Global macro overview for 01/08/2016:
Two of the Fed members had been actively commenting the recent US economic situation in the mass media during this weekend, so let's see what is their current point of view on this matter. The Dallas Fed President Kaplan said in Bloomberg Tv, that rate hike "is very much on the table" if data supports the economic outlook. Moreover, he mentioned that 2016 GDP would be just under 2%, and Brexit would have a marginal negative impact on US economic growth. Another FOMC member, Mr Dudley, has a little more pessimistic point of view. He believes the Fed should be cautious in raising rates, so the flatter path is more appropriate now. Moreover, the policymaker added that the US economy would grow steadily as it was close to the full employment levels.

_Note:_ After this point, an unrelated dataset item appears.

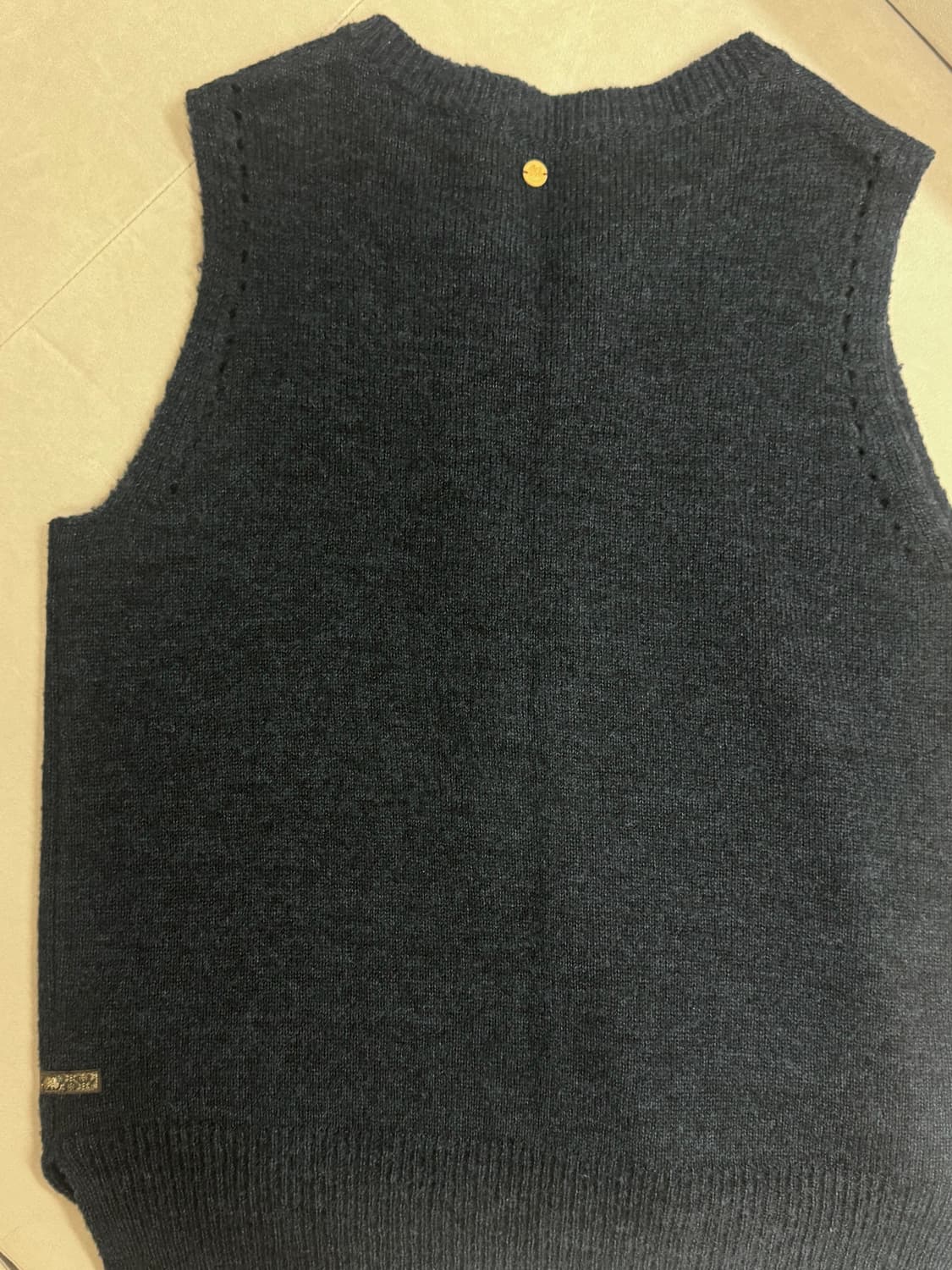 thursday island 프릴 니트 베스트 상품이미지3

In conclusion, we have two different points of view regarding the interest rate hike, with Kaplan more hawkish and Dudley more dovish. Both of them are data dependant just as all Fed policy members currently are, so the economic figures release will be the key event that will shape the further Fed stance towards the interest rate change.

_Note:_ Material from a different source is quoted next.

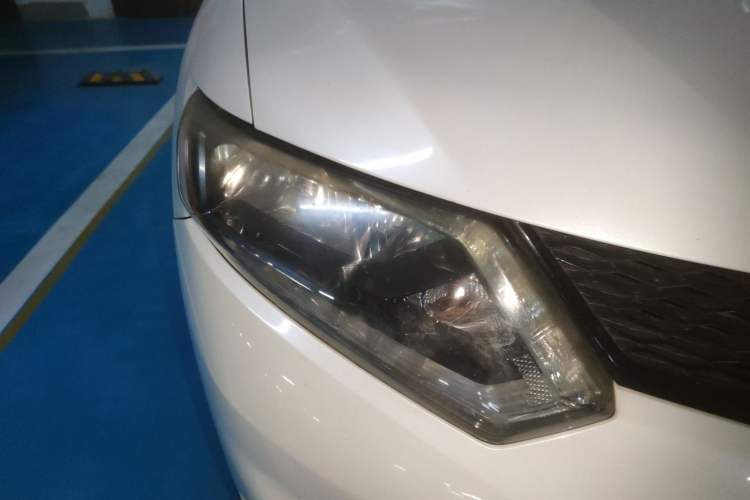Used Nissan X-Trail 2014 2.0L CVT Comfort Edition 2WD Exterior 3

Now, let's take a look at the US Dollar index technical picture on the daily time frame. Since the low at the level of 91.92 has been reached, the market is still trying to make the sequence of higher highs and higher lows, so the longer term trend can change to bullish. Currently, the key level for bulls is at 92.03, and any violation of this level will invalidate this scenario. The next support is seen at 95.32 and the next resistance lies at 96.31.